C'est un roman noir, au sens où il ambitionne de dire quelque chose du monde social, de sa dureté, de sa folie, de sa barbarie. Un roman qui se confronte aux forces du mal, qui raconte l’enfance dévastée, l’injustice, la drogue, la violence dans une cité de Marseille entre les années 80 et 2000.
Le narrateur, Karel, est un garçon des quartiers Nord. Il grandit dans la cité Antonin Artaud, cité fictive adossée au massif de l’Etoile et flanquée d’un bidonville, « le passage 50 », habité par des gitans sédentarisés. Karel vit avec sa sœur Hendricka et son petit frère Mohand, infirme. Ils essaient de survivre à leur enfance, entre maltraitance, toxicomanie, pauvreté des parents, et indifférence des institutions. Le roman s’ouvre sur l’assassinat de leur père. Les trois enfants vont s’inventer chacun un destin. Karel s’interroge : « Qui a tué mon père ? » Et fantasme sur la vie qu’il aurait pu mener s’il était né sous une bonne étoile, s’il avait eu des parents moins déviants et moins maltraitants. Il se demande s’il n’a pas été contaminé par la violence, s’il n’est pas dépositaire d’un héritage à la fois tragique et minable, qui l’amènerait à abîmer les gens comme son père l’a fait.

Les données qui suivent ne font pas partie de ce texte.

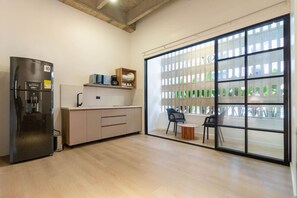 Fridge, microwave, coffee/tea maker, cookware/dishes/utensils
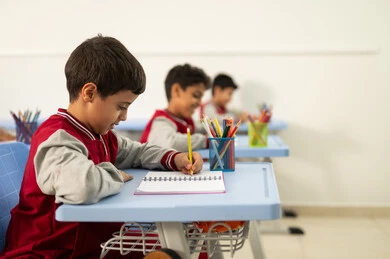 Preparation for the new school year, education in Saudi Arabia, completing school assignments, returning to school, a group of Arab Gulf Saudi students sitting in their seats and doing their homework.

Il veille sur son petit frère et voit sa sœur réussir une carrière au cinéma. C’est aussi le roman de Marseille, d’avant le MUCEM et d’avant la disparition du marché de la Plaine, qui constitue la géographie sentimentale du livre. Et c’est une plongée romanesque dans toute une culture populaire dont l’auteure saisit l’énergie et les émotions à travers les chansons de l’époque, de Céline Dion à Michael Jackson, en passant par IAM , Cheb Hasni, Richard Cocciante ou Elton John. Un récit puissant, intelligent, sans compromis qui vous aspire littéralement. Exceptionnel, dans la compréhension et la mise en mots, de ce que peut-être la terreur enfantine soumise à la violence parentale physique et verbale, cette recherche éperdue d'un ailleurs y compris celui qui ne sauve pas forcément.